You would probably expect some of your spending in Boots also to represent Boots’s profit margin, and you would be right: Boots is a highly profitable business.  And you would also probably expect that profit margin to be properly taxed, so that Boots’ business bears its fair share of society’s costs (benefiting as it does from the UK’s infrastructure and healthy educated workforce, for example).  In this you would be wrong.  In fact Boots’ profits are heavily subsidized out of public money; out of the money you pay in tax.  How does this work?  It works because Boots was bought out in 2007 via an offshore structure using borrowed money, and Boots gets a UK tax deduction for the interest paid on that borrowed money.  What used to be UK taxable profits became a financial flow leaving the UK untaxed, by virtue of nothing more constructive and socially useful than Boots getting a new owner.
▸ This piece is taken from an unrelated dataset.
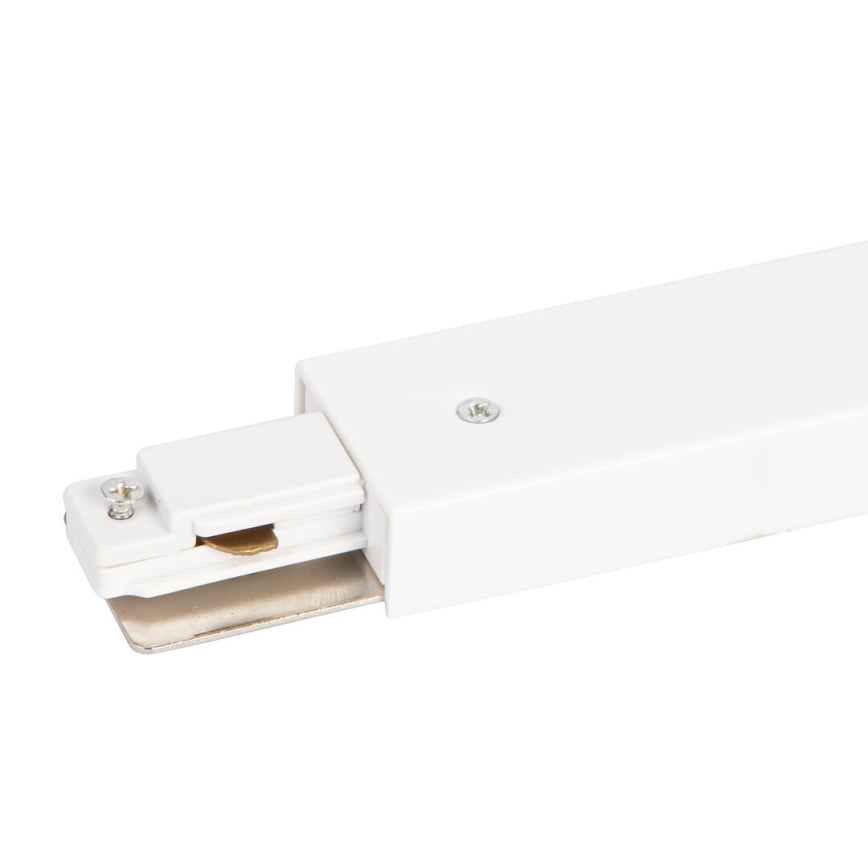 Csatlakozó lámpákhoz sínrendszerben 1 fázisú egyenes + tápegység fehér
The UK government likes to think of this kind of thing as “investment” and that is why these transactions benefit from generous tax breaks, but in fact it is the opposite of investment into the UK – it is moving profitability offshore, out of any country’s tax net.  The state wants to attract big money but the only thing it has to offer in exchange is skewing its tax system in favour of that big money, thereby defeating the purpose of attracting the money to the UK in the first place.

Deliberate shortfalls in the tax system have to be made up from elsewhere, and that is where the VAT paid by shoppers at Boots come in.  The whole system is in effect a massive forcible transfer of wealth from millions of not-so-well-off women in the UK to the billionaires who run the private equity firm that bought Boots out.  Those billionaires make a profit out of you, and at the same time the state takes extra money from you in order to provide them a little extra sweetener as a reward for profiting from you, even though they are already vastly wealthier than you.  And neither of them looks like they ever felt the need to wear make-up to a job interview.

These men and their investment partners are in the process of exiting their position in Boots, and while we bid them a hearty good riddance, the tax break they have been benefiting from will continue to benefit Boots’ new owners (Walgreens), who appear to be buying it as part of a structured transaction to avoid gigantic amounts of US tax.